=== SUPPLIED INFORMATION ===
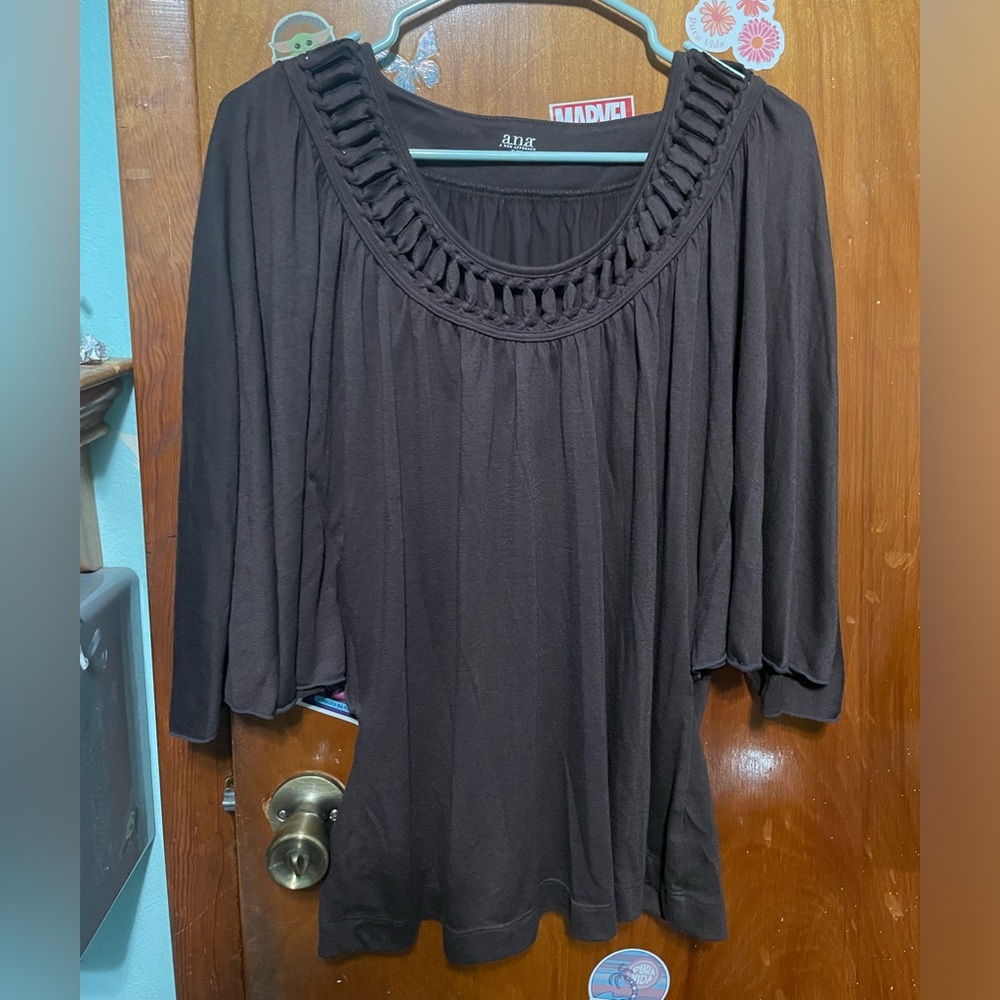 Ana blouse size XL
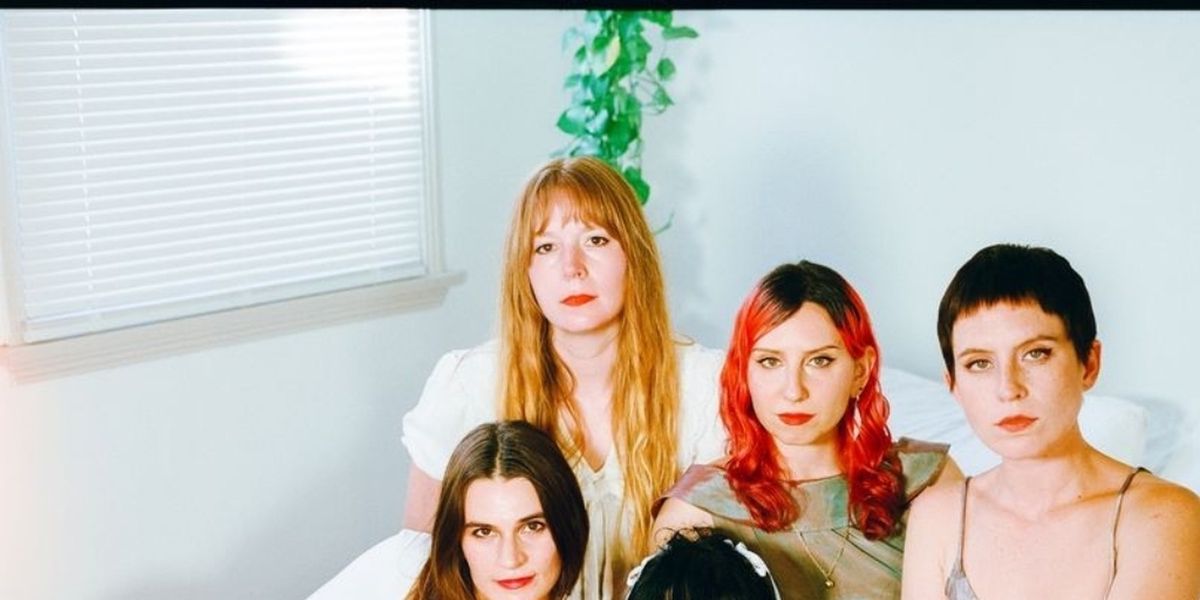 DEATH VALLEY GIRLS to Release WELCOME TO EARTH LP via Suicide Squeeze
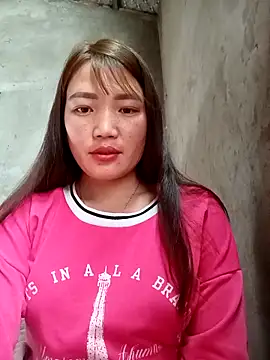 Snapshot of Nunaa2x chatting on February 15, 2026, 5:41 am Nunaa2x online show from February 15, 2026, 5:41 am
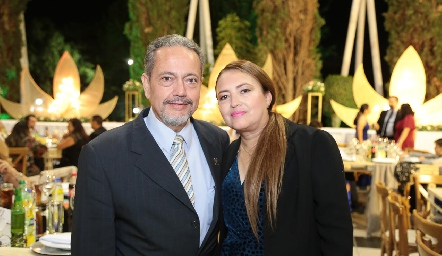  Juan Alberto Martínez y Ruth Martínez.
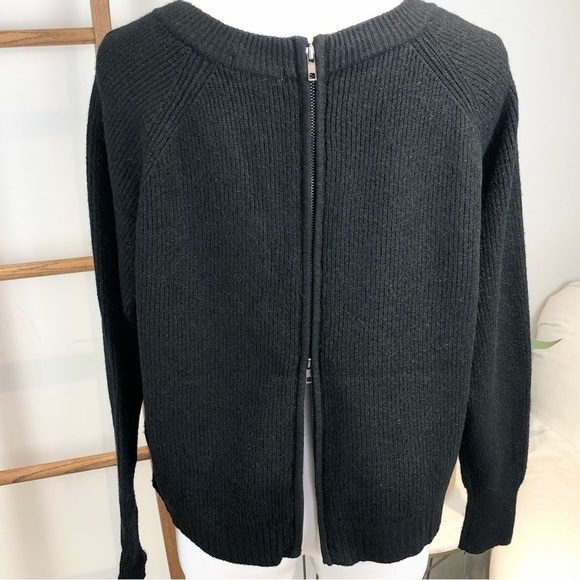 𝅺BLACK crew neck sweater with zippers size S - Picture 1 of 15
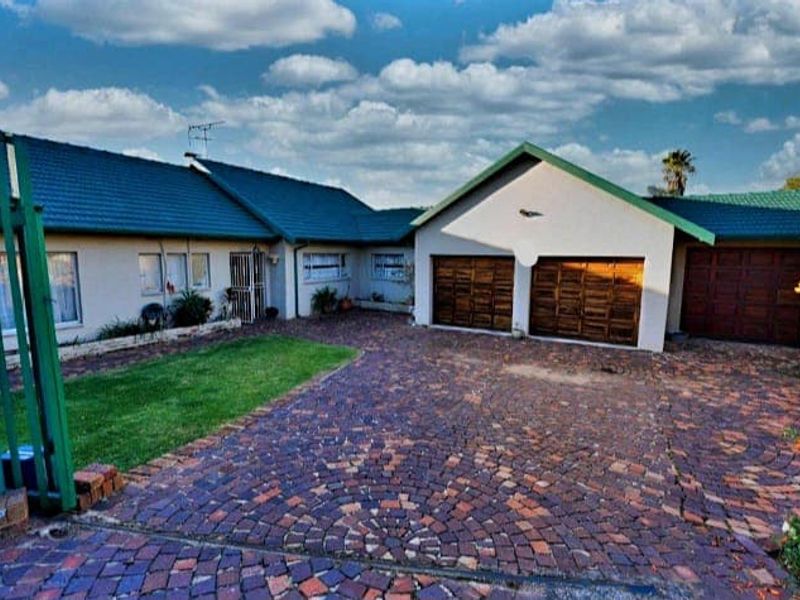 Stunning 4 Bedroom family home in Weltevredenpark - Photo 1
===
* [WHAT THE TASK ASKS]: Repeat the material exactly and drop each image.

* [YOUR SOLUTION]:
 Ana blouse size XL
 DEATH VALLEY GIRLS to Release WELCOME TO EARTH LP via Suicide Squeeze
 Snapshot of Nunaa2x chatting on February 15, 2026, 5:41 am Nunaa2x online show from February 15, 2026, 5:41 am
  Juan Alberto Martínez y Ruth Martínez.
 𝅺BLACK crew neck sweater with zippers size S - Picture 1 of 15
 Stunning 4 Bedroom family home in Weltevredenpark - Photo 1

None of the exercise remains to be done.